Walston et al. (2016). A preliminary assessment of avian mortality at utility-scale solar energy facilities in the United States.

• Goal: contextualize avian mortality relative to other forms of avian mortality at a regional (southern CA) and national scale
• Results:
  • at both spatial scales, avian mortalities at solar arrays were consistently lower than other human activities (but possibly because solar less prevalent than, say, wind)
• Conclusion:
  • “Moving forward, several data needs and recommendations can be made to improve understanding of avian fatality issues at USSE facilities:
    • 1 There is a basic need to better understand the causal factors that contribute to fatalities, such as siting considerations, the potential for avian attraction to USSE facilities (e.g., the“lake effect” hypothesis), and project design (e.g., whether evaporative cooling ponds are used).
    • 2 There is a need for more standardized, consistent, and science-based avian monitoring protocols to improve comparability of the data being collected. Standardized monitoring methodologies will improve the scientific certainty of conclusions about avian mortality.
    • 3 As efforts get under way to improve the quality of avian mortality data collected from USSE facilities, researchers should focus on (a) uncertainties related to avian risks; (b) population-level impacts to migratory birds; (c) development of more effective inventory and monitoring techniques; and (d) developing appropriate and cost-effective mitigation measures and best management practices to reduce mortality risk.”
• Methods: Literature review
  • had great information on how to calculate mortality based on field data
• Notes:
  • good info in introduction about types of mortality and influences on mortality

Young et al. (2025). Impacts of Solar Energy Development On Breeding Birds in Desert Grasslands In South Central New Mexico.

• Environmental Management, 75(4), 883–895.
• really good info on effects of solar on vegetation thus birds
• from abstract
  • “In 2014 and 2015 we examined the influence of a solar facility on avian community occupancy in the Nutt grasslands of south-central New Mexico. We examined the effect of distance to solar facility as well as other habitat covariates, including vegetation structure and orthopteran abundance, on community occupancy and occupancy trends for individual species.
  • “We did not find a significant effect of distance to solar facility on occupancy probability for the songbird community. Instead, orthopteran abundance had a significant positive effect on occupancy probability for the community.

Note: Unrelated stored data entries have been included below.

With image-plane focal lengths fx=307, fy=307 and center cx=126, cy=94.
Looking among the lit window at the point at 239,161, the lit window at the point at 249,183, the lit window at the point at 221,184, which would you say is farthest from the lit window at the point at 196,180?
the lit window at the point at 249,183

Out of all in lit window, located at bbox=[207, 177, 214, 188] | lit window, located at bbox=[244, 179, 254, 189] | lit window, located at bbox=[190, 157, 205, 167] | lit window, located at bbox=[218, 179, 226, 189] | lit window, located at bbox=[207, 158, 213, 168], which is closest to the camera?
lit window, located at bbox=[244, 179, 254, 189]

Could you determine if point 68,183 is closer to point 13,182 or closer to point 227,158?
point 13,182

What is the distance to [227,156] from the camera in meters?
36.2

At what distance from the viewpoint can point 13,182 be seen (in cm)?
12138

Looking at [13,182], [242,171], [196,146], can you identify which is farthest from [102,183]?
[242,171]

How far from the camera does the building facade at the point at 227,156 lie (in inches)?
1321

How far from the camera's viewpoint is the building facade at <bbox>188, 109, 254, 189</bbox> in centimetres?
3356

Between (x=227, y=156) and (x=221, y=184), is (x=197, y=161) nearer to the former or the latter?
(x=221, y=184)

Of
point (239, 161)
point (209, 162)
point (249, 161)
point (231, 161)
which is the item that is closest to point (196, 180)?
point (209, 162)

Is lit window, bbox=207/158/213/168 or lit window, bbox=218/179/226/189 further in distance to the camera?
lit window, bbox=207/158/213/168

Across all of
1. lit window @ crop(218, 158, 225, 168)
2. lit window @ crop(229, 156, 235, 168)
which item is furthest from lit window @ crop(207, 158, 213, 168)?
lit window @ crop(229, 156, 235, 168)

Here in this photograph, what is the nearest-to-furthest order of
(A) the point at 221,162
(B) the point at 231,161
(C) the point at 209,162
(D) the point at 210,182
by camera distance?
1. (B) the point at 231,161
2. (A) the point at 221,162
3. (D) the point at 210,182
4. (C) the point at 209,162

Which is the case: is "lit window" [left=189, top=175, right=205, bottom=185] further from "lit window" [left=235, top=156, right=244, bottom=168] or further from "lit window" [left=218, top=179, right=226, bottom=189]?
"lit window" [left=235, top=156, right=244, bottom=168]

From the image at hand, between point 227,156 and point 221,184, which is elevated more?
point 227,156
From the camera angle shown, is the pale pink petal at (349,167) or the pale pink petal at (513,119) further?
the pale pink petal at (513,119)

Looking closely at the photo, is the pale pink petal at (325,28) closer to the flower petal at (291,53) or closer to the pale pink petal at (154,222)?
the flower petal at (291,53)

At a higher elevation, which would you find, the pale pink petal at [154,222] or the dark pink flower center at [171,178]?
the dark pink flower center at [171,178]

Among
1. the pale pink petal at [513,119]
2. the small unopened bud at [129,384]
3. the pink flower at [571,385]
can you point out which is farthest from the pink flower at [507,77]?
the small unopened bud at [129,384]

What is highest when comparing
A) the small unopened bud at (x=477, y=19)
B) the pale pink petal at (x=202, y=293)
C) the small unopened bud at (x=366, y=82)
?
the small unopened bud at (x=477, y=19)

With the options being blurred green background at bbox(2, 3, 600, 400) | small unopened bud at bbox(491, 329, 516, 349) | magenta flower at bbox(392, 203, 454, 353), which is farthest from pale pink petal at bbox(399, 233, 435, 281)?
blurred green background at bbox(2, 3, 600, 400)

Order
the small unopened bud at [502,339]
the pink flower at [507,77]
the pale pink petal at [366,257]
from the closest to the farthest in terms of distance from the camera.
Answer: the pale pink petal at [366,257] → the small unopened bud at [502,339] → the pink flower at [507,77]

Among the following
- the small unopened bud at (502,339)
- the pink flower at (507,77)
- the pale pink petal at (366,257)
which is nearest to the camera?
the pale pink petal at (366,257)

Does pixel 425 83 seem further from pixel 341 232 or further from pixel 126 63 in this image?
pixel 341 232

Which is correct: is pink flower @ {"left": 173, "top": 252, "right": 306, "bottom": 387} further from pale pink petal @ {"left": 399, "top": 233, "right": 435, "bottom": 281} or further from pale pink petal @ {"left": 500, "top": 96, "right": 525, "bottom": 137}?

    • “Two synanthropic species, Eurasian-collared dove (Streptopelia decaocto), and house finch (Haemorhous mexicanus), were found almost exclusively within the solar facility and both species increased between years, suggesting that developments in natural habitats may facilitate populations of synanthropic species.

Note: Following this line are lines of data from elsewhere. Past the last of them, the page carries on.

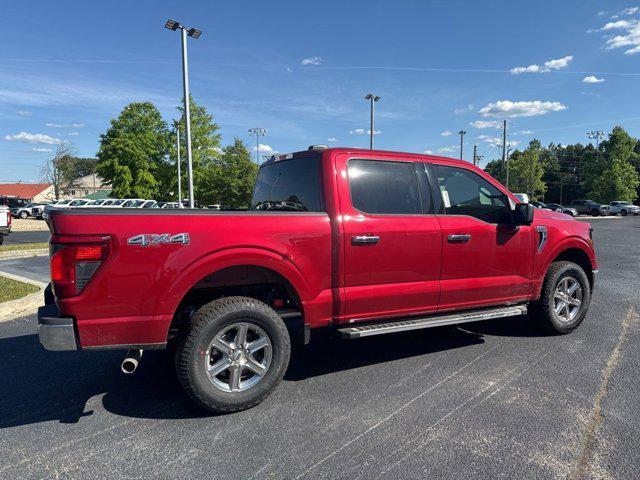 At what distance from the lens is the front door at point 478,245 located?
4.27 meters

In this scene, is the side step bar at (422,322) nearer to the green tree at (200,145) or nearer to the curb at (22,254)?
the curb at (22,254)

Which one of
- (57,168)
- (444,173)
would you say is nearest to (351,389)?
(444,173)

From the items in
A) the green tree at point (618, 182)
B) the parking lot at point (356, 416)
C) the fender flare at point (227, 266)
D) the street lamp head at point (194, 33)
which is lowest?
the parking lot at point (356, 416)

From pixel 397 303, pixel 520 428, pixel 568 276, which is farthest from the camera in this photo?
pixel 568 276

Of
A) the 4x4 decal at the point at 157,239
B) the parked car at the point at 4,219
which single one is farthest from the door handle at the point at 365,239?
the parked car at the point at 4,219

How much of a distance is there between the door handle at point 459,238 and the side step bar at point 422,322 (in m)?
0.71

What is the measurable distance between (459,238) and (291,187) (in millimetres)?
1636

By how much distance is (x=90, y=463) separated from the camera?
2.72 metres

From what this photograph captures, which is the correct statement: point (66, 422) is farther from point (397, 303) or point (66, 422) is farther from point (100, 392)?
point (397, 303)

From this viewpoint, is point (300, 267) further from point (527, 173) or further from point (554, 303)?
point (527, 173)

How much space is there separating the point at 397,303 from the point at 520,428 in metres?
1.36

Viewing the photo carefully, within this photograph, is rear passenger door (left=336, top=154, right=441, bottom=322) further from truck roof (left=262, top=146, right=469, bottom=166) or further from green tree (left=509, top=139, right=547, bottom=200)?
green tree (left=509, top=139, right=547, bottom=200)

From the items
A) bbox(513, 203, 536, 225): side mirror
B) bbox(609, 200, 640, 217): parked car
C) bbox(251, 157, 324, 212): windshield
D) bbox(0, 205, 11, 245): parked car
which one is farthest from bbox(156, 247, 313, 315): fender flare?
bbox(609, 200, 640, 217): parked car

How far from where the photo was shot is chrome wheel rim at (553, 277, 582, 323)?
5.16 metres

  • “These results demonstrate the variability in responses of different species to a solar facility and the interacting influence of habitat characteristics and disturbance associated with development.”
• “Many studies have examined effects of habitat fragmentation related to energy development on grassland birds, though the focus has most often been wind energy. Wind turbines in Texas displaced LeConte’s sparrows (Ammodramus leconteii) up to 400 m, and oil wells in Canada displaced Baird’s sparrows (A. bairdii) and Sprague’s pipits (Anthus spragueii) up to 450 m (Linnen, 2008; Stevens et al., 2013).”

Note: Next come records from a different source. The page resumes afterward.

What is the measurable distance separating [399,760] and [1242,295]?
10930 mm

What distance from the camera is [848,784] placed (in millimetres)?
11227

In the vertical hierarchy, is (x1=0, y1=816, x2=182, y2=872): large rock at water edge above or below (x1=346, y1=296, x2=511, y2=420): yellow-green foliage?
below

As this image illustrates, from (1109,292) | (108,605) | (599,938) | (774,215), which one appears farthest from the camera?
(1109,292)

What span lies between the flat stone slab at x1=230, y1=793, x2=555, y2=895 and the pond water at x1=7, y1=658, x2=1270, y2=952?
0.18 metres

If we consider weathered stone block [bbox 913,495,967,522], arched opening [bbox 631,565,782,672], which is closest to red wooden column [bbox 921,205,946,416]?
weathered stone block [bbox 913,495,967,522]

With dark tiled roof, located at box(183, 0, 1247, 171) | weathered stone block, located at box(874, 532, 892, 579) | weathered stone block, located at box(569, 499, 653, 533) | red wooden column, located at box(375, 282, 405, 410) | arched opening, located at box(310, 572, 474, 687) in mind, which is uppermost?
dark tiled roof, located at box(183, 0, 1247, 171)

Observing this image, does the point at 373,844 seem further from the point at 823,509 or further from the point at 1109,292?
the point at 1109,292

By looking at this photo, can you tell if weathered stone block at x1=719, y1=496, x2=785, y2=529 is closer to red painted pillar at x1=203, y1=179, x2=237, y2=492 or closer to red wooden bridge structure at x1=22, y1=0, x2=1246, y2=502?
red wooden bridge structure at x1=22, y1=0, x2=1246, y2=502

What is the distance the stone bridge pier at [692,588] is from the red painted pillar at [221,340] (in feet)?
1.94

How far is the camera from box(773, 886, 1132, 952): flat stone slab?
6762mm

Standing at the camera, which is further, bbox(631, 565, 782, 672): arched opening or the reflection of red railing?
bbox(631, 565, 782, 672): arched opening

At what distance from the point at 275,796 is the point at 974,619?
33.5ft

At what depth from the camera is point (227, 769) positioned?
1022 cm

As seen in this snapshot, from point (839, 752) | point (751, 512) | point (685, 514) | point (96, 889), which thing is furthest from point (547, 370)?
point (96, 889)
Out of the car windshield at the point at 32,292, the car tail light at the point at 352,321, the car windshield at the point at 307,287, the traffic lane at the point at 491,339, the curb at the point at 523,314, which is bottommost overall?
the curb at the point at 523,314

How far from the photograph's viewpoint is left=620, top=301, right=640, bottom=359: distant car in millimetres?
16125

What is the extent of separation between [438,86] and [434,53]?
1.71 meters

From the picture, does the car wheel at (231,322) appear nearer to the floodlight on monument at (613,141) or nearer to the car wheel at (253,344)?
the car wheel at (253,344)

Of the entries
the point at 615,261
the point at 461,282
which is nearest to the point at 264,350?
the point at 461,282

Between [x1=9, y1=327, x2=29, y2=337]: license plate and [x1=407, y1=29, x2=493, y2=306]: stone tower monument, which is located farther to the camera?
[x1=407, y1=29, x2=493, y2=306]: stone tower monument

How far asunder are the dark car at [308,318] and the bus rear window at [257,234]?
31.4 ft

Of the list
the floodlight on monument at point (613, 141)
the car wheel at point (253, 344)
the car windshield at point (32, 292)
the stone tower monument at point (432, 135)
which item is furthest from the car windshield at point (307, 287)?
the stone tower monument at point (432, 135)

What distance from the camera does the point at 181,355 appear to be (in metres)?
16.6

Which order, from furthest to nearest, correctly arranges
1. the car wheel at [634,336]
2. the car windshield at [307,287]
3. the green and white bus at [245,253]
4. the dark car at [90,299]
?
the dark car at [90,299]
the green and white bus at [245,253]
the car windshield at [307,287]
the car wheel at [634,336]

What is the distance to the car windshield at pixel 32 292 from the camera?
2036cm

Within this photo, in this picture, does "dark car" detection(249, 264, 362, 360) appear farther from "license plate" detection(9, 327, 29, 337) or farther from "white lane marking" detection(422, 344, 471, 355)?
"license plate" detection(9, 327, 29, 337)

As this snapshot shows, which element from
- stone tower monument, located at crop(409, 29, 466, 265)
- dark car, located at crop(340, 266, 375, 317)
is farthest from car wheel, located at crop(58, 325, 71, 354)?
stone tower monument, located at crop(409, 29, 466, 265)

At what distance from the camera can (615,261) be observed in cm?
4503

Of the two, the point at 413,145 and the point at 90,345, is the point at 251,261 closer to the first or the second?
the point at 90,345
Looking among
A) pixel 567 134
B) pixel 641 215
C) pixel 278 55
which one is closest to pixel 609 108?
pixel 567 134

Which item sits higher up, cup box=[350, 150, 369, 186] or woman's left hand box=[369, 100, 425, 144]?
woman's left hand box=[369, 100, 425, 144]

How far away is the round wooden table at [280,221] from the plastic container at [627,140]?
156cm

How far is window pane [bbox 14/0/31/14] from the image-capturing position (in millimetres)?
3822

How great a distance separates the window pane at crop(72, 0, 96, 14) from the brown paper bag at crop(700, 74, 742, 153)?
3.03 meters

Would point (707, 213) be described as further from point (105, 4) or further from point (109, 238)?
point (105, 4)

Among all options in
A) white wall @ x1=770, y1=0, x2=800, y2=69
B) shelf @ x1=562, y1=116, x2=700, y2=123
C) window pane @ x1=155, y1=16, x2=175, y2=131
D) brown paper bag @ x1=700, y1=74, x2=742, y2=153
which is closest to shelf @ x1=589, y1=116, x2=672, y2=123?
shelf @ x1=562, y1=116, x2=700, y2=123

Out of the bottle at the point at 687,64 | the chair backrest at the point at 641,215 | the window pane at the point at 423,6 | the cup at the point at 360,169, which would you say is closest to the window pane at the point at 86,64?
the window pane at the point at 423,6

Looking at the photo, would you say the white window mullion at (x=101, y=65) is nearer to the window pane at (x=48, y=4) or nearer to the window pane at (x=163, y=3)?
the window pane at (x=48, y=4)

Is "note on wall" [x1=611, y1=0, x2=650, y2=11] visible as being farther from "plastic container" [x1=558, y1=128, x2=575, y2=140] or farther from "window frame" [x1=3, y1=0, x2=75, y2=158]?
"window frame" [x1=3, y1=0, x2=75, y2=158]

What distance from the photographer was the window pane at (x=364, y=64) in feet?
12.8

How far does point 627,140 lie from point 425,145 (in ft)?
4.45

  • “Displacement may also occur through avoidance of edges produced by roads associated with development (Ingel nger and Anderson, 2004; Dale et al., 2009; Carlin and Chalfoun, 2021).”
  • “Vertical structures within open habitats are well established as a factor that can lower habitat use for grassland and shrubland songbirds, potentially due to increases in perceived or actual predation risk (Tack et al., 2017; Nenninger and Koper, 2018).”
• “Infrastructure and management activities associated with solar facilities may indirectly affect habitat use for the songbird community through altered vegetation structure (Conkling et al., 2022).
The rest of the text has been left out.